O mecânico argentino que começou do zero, teve sua aposta na fibra de carbono rejeitada e criou alguns dos carros mais exclusivos do planeta
De uma pequena cidade argentina à Motor Valley italiana, sua aposta em materiais compostos transformou um projeto improvável em uma fabricante de hipercarros artesanais
De uma pequena cidade argentina ao coração da indústria automobilística italiana, a trajetória de Horacio Pagani parece improvável até para os padrões do mundo dos supercarros. Ele chegou à Lamborghini começando na base da fábrica, apostou cedo em materiais que seus superiores ainda consideravam pouco interessantes e, anos depois, colocou seu próprio sobrenome em máquinas artesanais que se tornaram objetos de desejo entre grandes colecionadores.

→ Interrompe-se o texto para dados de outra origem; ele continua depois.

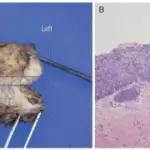 Vaginal Intraepithelial Neoplasia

Como Horacio Pagani começou a construir carros ainda em uma pequena cidade argentina?
Horacio nasceu em 1955 em Casilda, pequena cidade da província de Santa Fé, na Argentina. Filho de um padeiro e de uma artista, cresceu fascinado por automóveis europeus e construía miniaturas utilizando materiais simples, incluindo madeira balsa. Ainda jovem, acompanhava notícias sobre Ferrari, Maserati e Lamborghini enquanto alimentava o objetivo de um dia trabalhar em Modena, região italiana que concentrava algumas das marcas que mais admirava.
O interesse deixou de ser apenas hobby. Em 1977, ele e amigos começaram a desenvolver um monoposto de competição para disputar o campeonato argentino de Fórmula 2 de 1979. Pagani participou de praticamente todo o desenvolvimento daquele veículo e conseguiu apoio da Renault para o motor. O projeto chamou a atenção do engenheiro Oreste Berta e também aproximou o jovem argentino do lendário pentacampeão de Fórmula 1 Juan Manuel Fangio.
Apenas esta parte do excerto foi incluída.